I sold my 2012 Yamaha Super Tenere in October 2014.  I went through a bit of a mourning period, missing what had become a major part of my life.  Less romantically, I was also put out by the financial loss I experienced, selling a bike that I’d bought new two and a half years before.  But, as they say, it’s only money.

The previous week, quite unexpectedly, I became the owner of a 1999 Volkswagen Eurovan Camper. 
One day at the office, I overheard a coworker talking on the telephone about her VW camper that she wanted to sell.  Though I’d worked with her for years and knew a little bit about her home and family life, I had no idea that she owned this camper.  Without recounting the less-than-exciting details, I purchased it from her and her husband.  For a 15 year-old vehicle, it had relatively low miles at roughly 94,000.  Cosmetically, it was in fine condition, with one somewhat strange exception which I’ll write about later.  It needed a few repairs and modifications, which have mostly been done.

For the last couple of years, I’ve had this idea that I would live and travel full-time in a recreational vehicle after retiring.  In my mind, it would be a diesel Class C, most likely aWinnebago View.
  This would be a much larger investment, more than likely requiring the sale of my home.  The idea being that it would be my home for as long as I was interested and able to live a nomadic lifestyle.  But when the opportunity to acquire the Eurovan arose, I took it, thinking that this would be a way to try out the RV life on a much smaller, less costly scale.

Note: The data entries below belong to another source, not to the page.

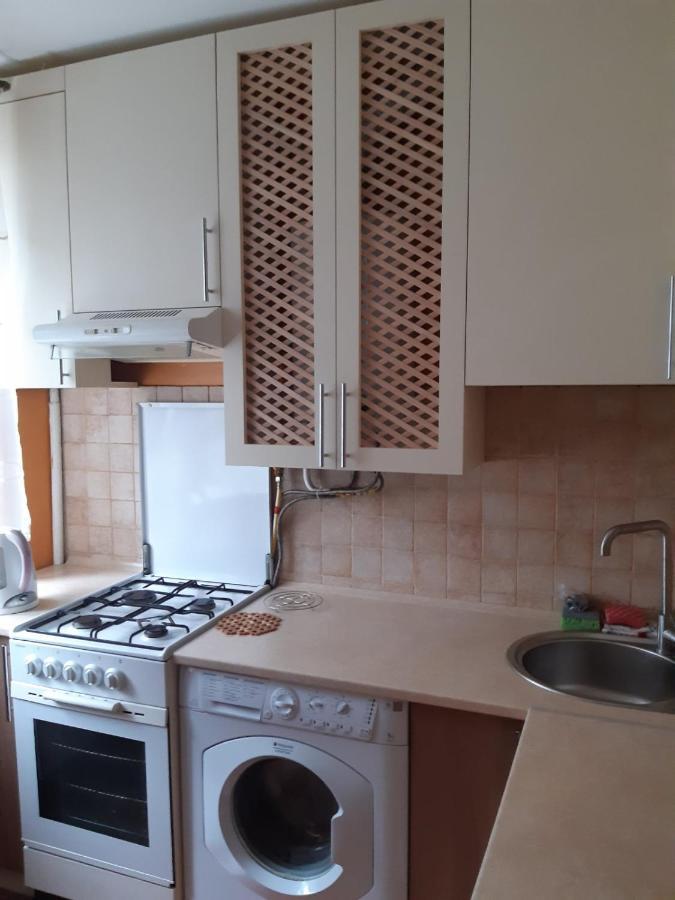 Appartement 4 Площа Гагаріна à Vinnytsia Extérieur photo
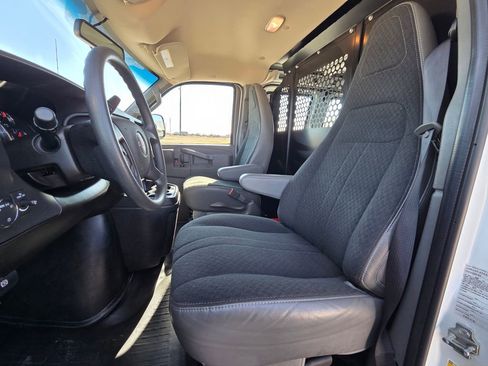 Used 2024 GMC Savana 2500 w/ Driver Convenience Package image 11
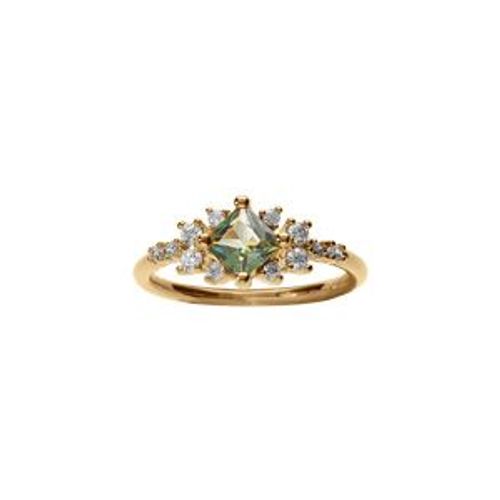 Bague Plaqué Or Oxyde Serti Forme Carré Vert Et Entourage Blancs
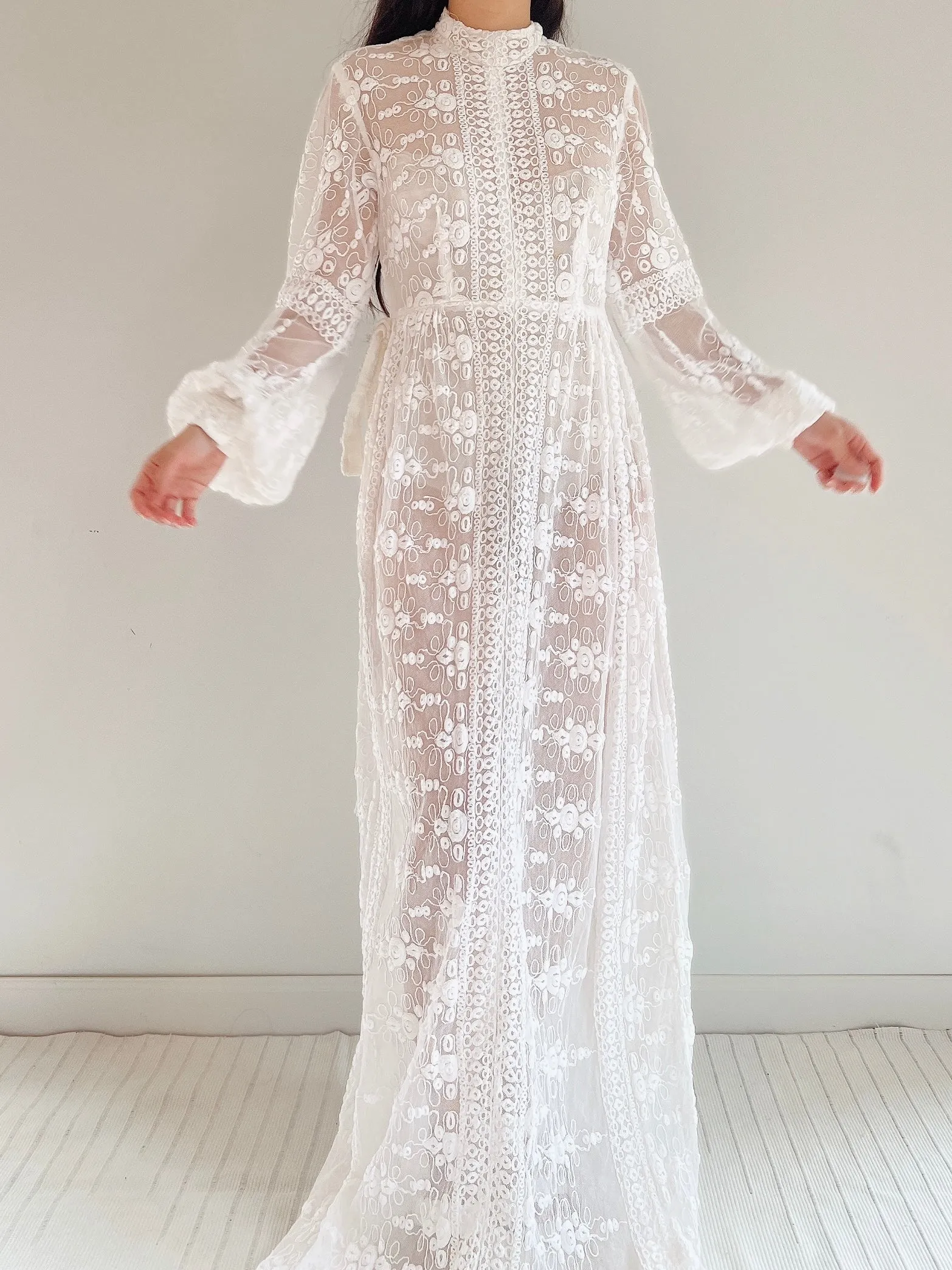 1970s High Neck Puff Sleeves Embroidered Dress - S/M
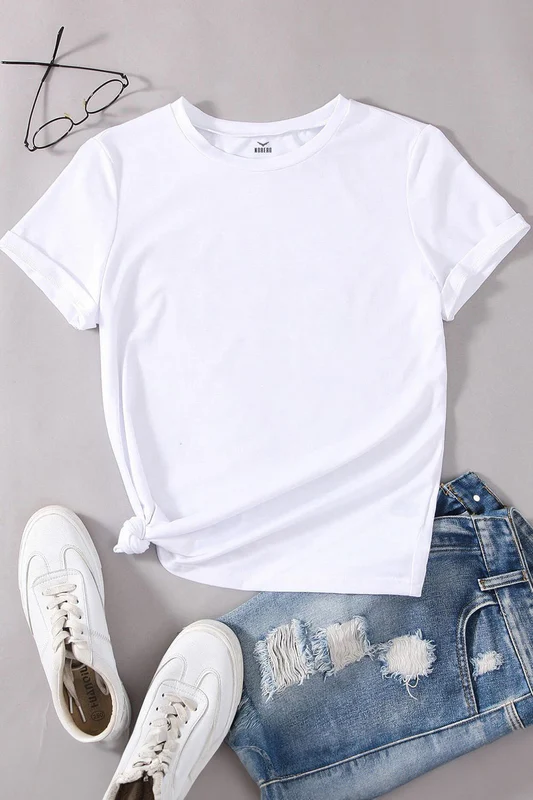 Oversized plain white T-shirt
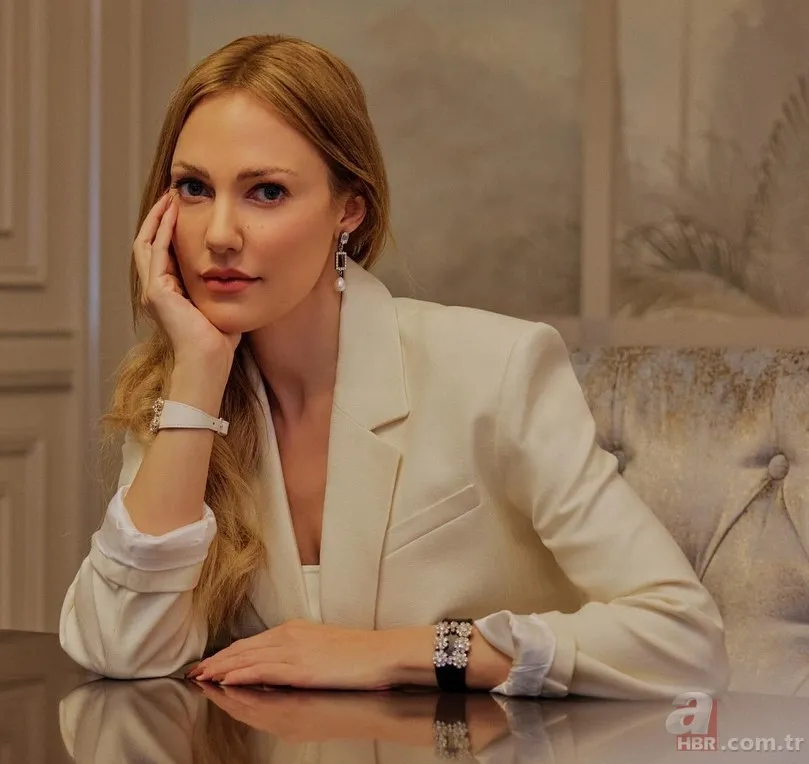 Resmen annesinin kopyası... Muhteşem Yüzyıl'ın Hürrem Sultan'ı Meryem Uzerli'nin kızı Lara büyüdü! 4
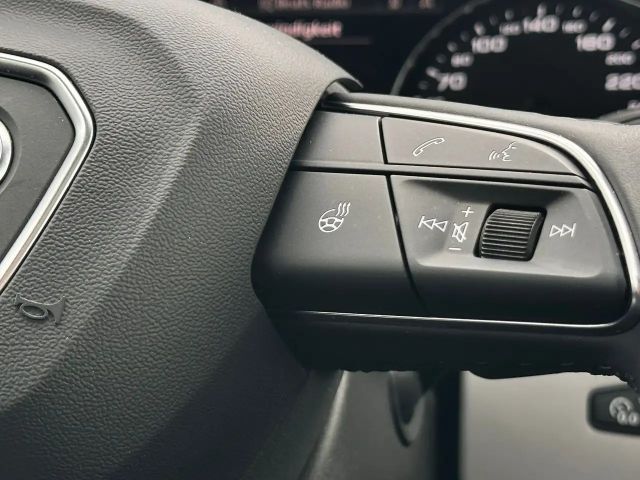 Audi A4 40 TFSI Avant Quattro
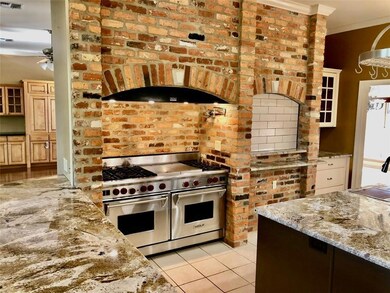 Recently updated kitchen w/ new cabinets, countert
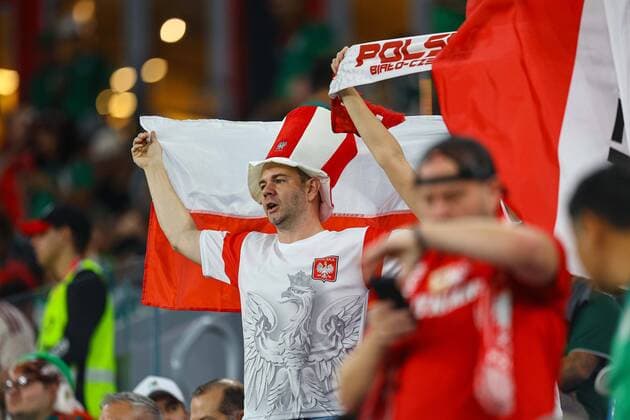 2022.11.22 Doha pilka nozna Mistrzostwa Swiata w Katarze Katar 2022 Meksyk - Polska N z fani kibice doping Foto Pawel Andrachiewicz PressFocus 2022.11.22 Doha Football - 2022 FIFA World Cup, WM, Weltmeisterschaft, Fussball in Qatar Mexico - Poland fani kibice doping Credit: Pawel Andrachiewicz PressFocus NEWSPIX.PL --- Newspix.pl  20221122_PF_PA208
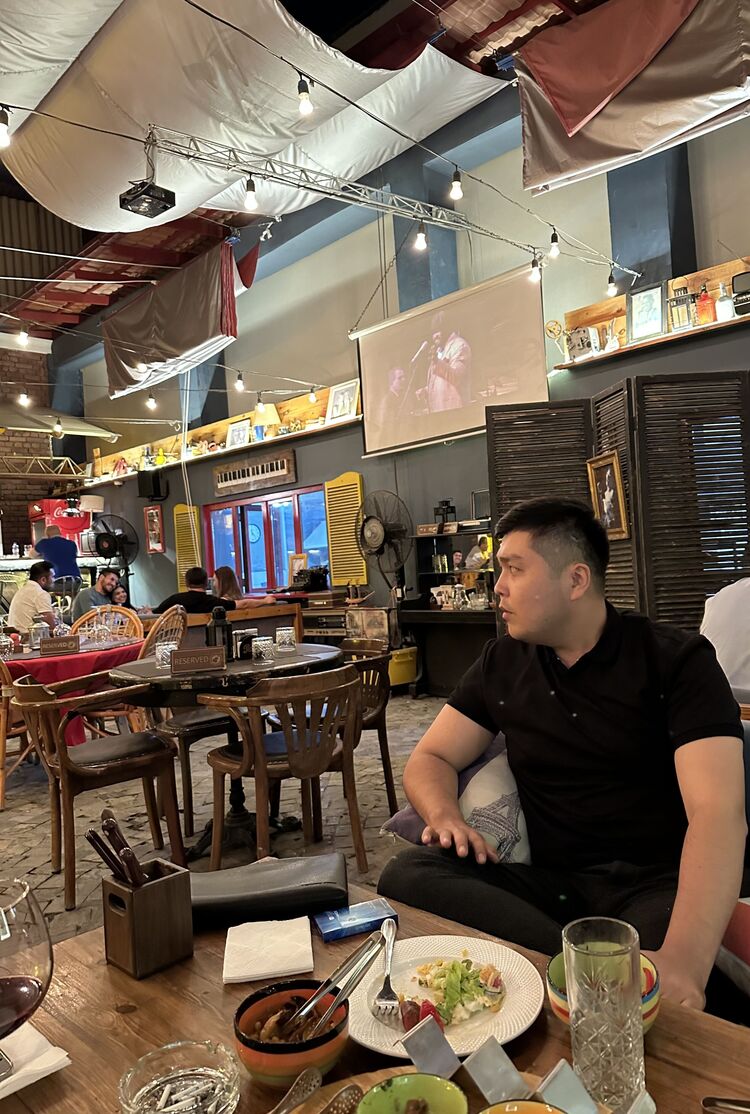  ,   Sanjar, 25 ,   ,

Besides, I’ve been enamored of VW campers for most of my life.  Sure, I came of age in the 1960’s and 70’s, but I like to think that there is more to it than that.  When I was about seven or eight, the Bonham’s Grocery Store in McAllen, Texas raffled off a brand new VW Bus.  I don’t know if it was a 23 Window,  
but I like to remember it that way.  I was already car crazy, but this was like nothing I’d ever seen: A house/fort/lair on wheels.  I’m sure that I demanded that my mother buy a raffle ticket on the spot and was mostly convinced that we’d win it because My God, what else could happen in a world that is fair and good?  Not surprisingly, we didn’t win it and I went on to other automotive fantasies.  Ten or so years later, my friend Brian Rawls got a 1965 VW Camper.  It became our mobile party spot, in which we and an assortment of friends flew down the dirt roads of South Texas and consumed more than a small amount of illicit substances.  We even camped in it a few times, including trips to Garner State Park and South Padre Island. 

Not long after moving to Olympia, WA in 2002, I got a serious case of the I-Want-a-Vanagon-Westfalia bug.  I looked for months, test drove a few, even got close to buying one (the title situation was “funny,” which scared me off).  Eventually, their notorious mechanical shortcomings and high price steered me away.  That and motorcycles.


So here I am, once again the owner of a German vehicle.  There is probably a ten syllable German word meaning “I know it’s overpriced, costly to maintain, prone to catastrophic mechanical failure, but shit, it is so cool and fun to drive.”  I don’t name my vehicles and I won’t name this one.  But I’ll call the blog La Caguama Blanca, or the White Turtle
 for obvious reasons.  Oh, yeah.  Caguama means something else in Mexican Spanish.